These 22 Recycling Games Help Kids Learn the Value of Being Green
Try one to teach your students about the importance of recycling.
Earth Day is right around the corner! What could be a better way to get your students ready and excited about recycling than by playing one new recycling game each day of April leading up to Earth Day on April 22nd? These hands-on recycling games will have them laughing, learning, and getting super excited about recycling.
Put Your Recycling Bin Front and Center
These recycling games make your recycling bin the center of all the fun!
1. Students use easy-to-find items to make their own basketball game
Add a basketball backboard and shoot to score!
2. Turn water bottles into field goal posts for some football-themed fun
Tap into your school spirit during football season, and try a football-themed game.
3. Let students show off their most creative trick throws for getting recyclables into the bin
Get creative with endless recycling trick shots. Try out the trick shots from this video, or invent your own!
4. Make your own recycling corn hole game
Partner up and toss to see who can score the most points.
5. Students roll oversized dice to find out what animal they have to imitate as they recycle
Roll the dice and jump, hop, wiggle, crawl, leap, or gallop to the bin. You can download the printable dice here.
6. Give a classic game a modern twist to get students excited to recycle
Tape or draw a hopscotch court in front of a bin for a fun way to recycle!
7. Bigger is better with this giant version of a popular table game
Go big with attention-grabbing games! Try Giant Recycle Drop, or use your imagination to create other larger-than-life versions of favorite games.
8. Put their love of online dance videos to use by creating a classroom recycling dance
Celebrate the moment with a fun dance move while you drop each bottle into your bin. Borrow from the latest moves that are trending in your school or create your own routine. Learn some cool moves here.
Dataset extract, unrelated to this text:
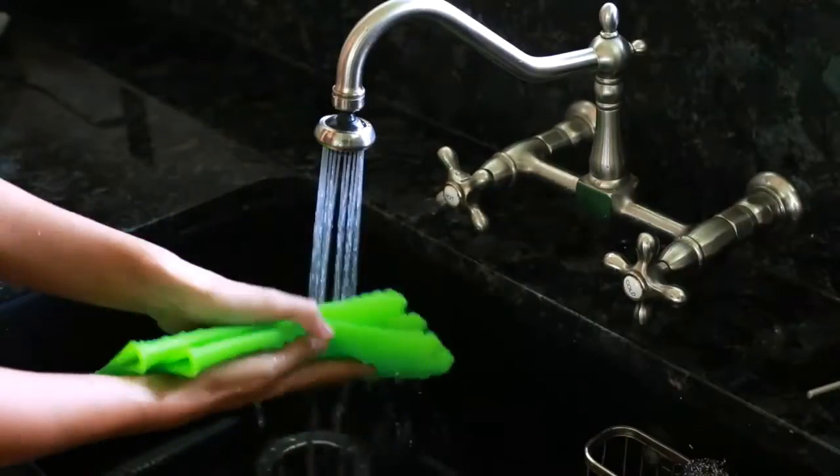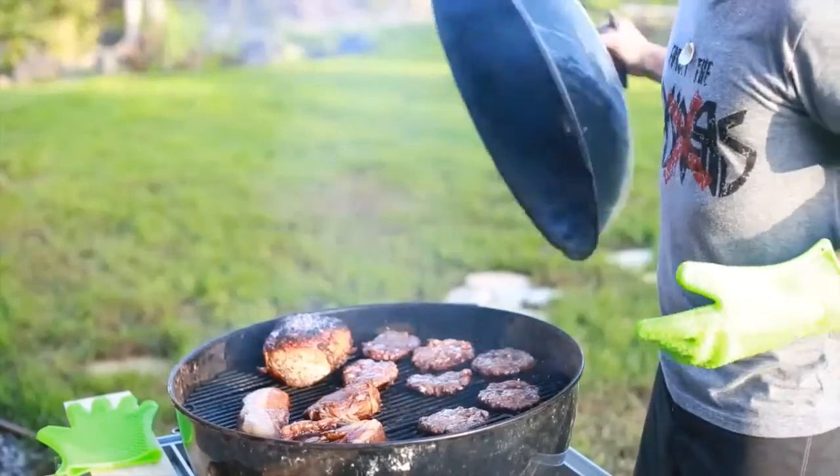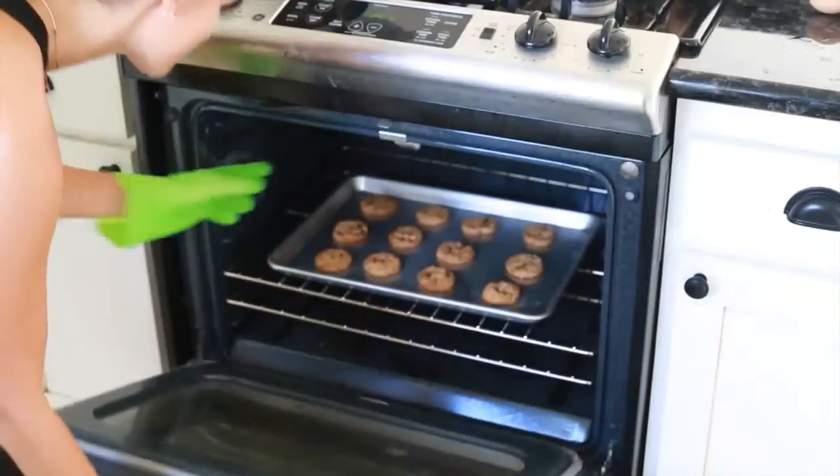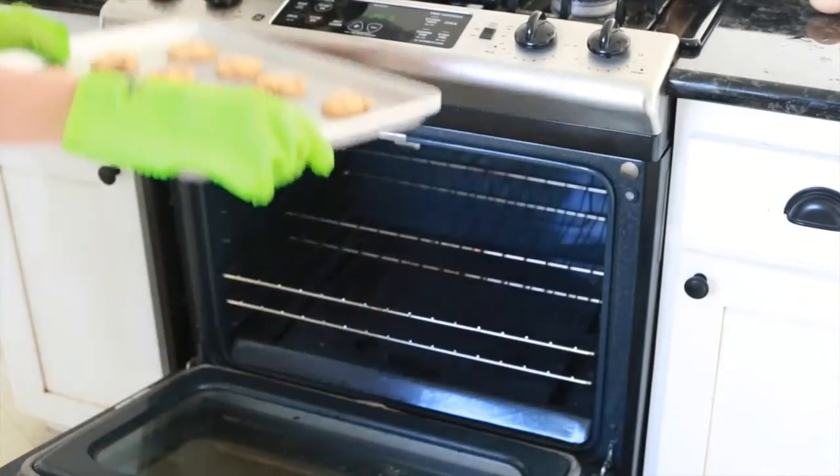It's easy to clean and dishwasher safe. iSafety kitchen gloves can also be used as a potholder and will keep your hands fully protected with its easy-to-use five-fingered grip. Don't waste another minute worrying about burning your hands or dropping food because you didn't have the right tools.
Get Energized About Recycling
Make a day of it, and get everyone involved with a little friendly competition. Try these recycling games and activities, then make an upcycled trophy for the winners!
9. Make a relay race out of it
Ready. Set. Go! Team up students for a relay for recycling. Teams race against each other and the clock to fill up recycling bins.
10. Play some carnival games for a cause
On a tabletop, set up a small recycling bin or box containing plastic bottles filled with water. Students can “step right up” to toss their rings to win a prize.
11. Watch your students get strikes and spares for recycling
Transform a section of your playground into a bowling alley. Set up groups of ten cans or bottles and see which team can get the best score!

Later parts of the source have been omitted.